-- MATERIAL PROVIDED follows --

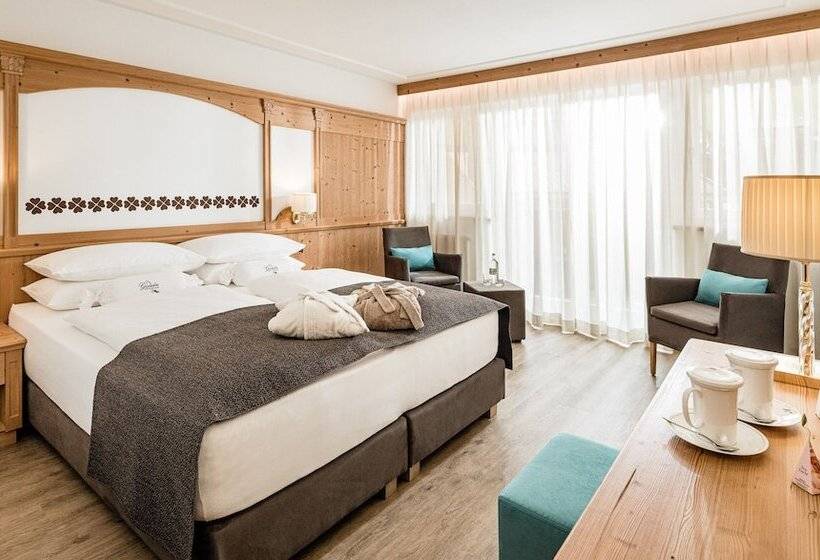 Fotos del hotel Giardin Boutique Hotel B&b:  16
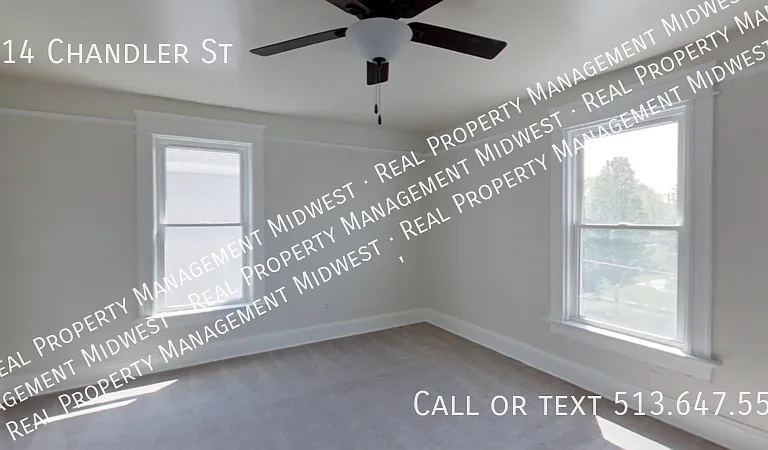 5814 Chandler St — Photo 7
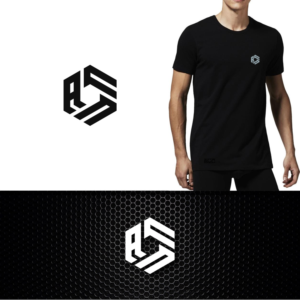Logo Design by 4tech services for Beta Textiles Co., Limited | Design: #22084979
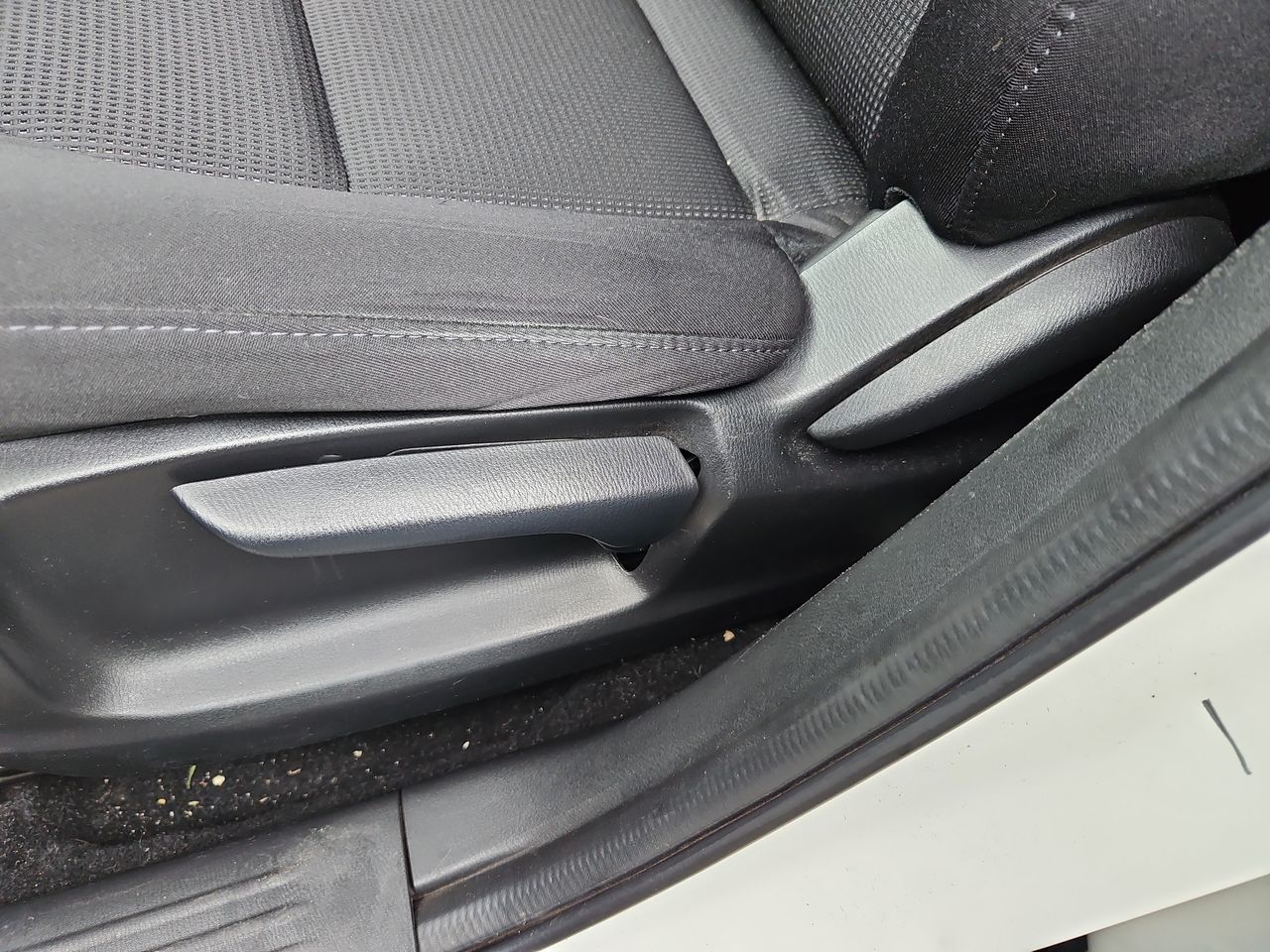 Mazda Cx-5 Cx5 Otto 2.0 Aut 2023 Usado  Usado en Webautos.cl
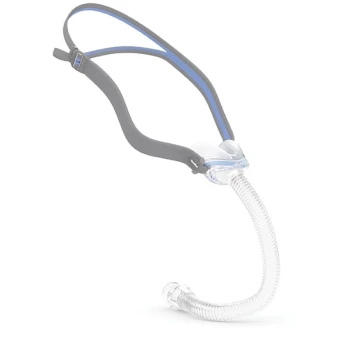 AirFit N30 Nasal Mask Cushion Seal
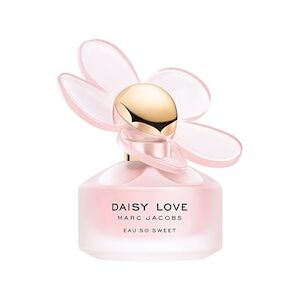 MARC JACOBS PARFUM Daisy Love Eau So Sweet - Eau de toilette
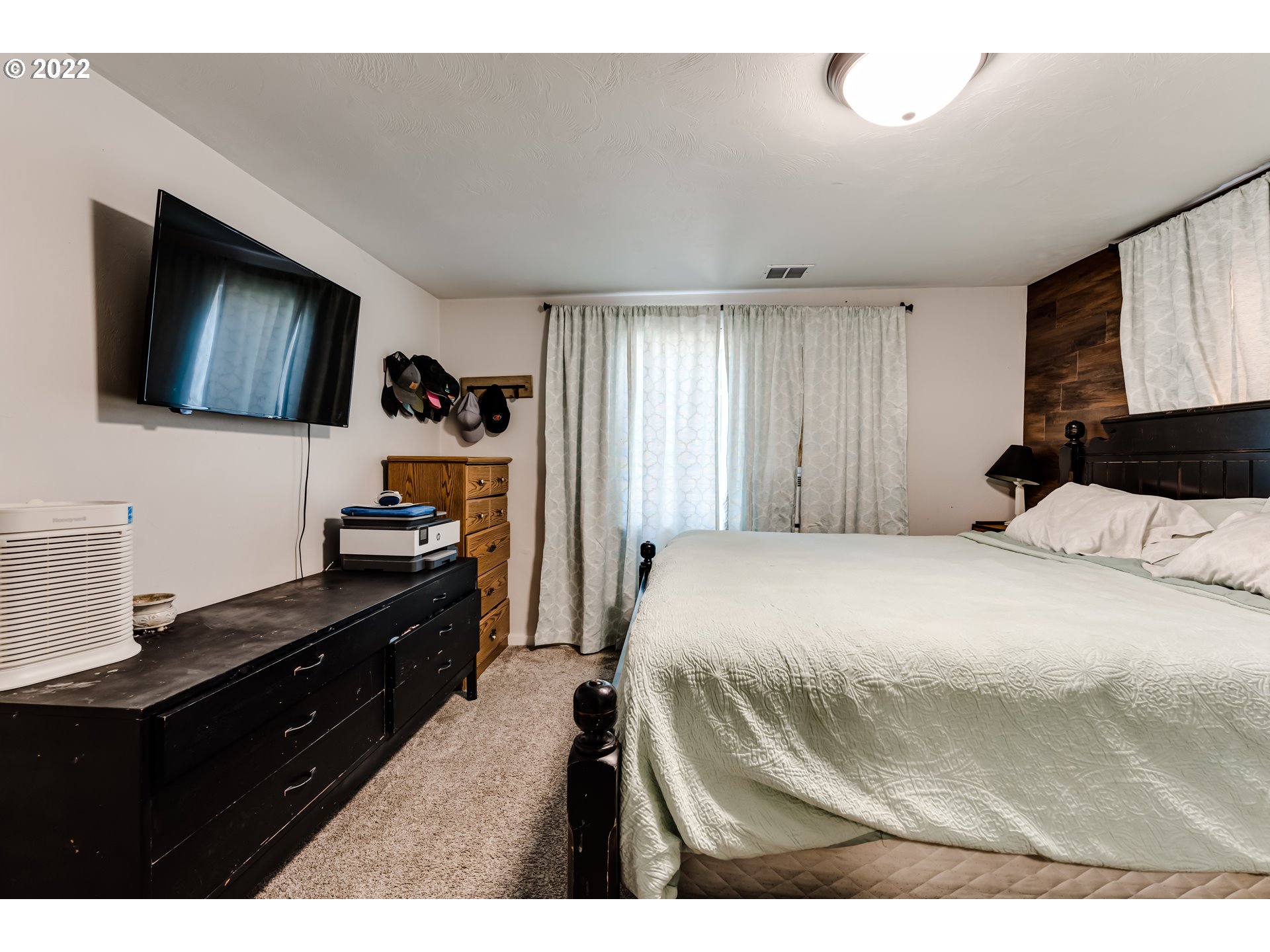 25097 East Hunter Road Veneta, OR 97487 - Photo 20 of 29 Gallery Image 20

-- MATERIAL PROVIDED concluded --

From the listing, extract all text exactly as given and drop any picture.

 Fotos del hotel Giardin Boutique Hotel B&b:  16
 5814 Chandler St — Photo 7
Logo Design by 4tech services for Beta Textiles Co., Limited | Design: #22084979
 Mazda Cx-5 Cx5 Otto 2.0 Aut 2023 Usado  Usado en Webautos.cl
 AirFit N30 Nasal Mask Cushion Seal
 MARC JACOBS PARFUM Daisy Love Eau So Sweet - Eau de toilette
 25097 East Hunter Road Veneta, OR 97487 - Photo 20 of 29 Gallery Image 20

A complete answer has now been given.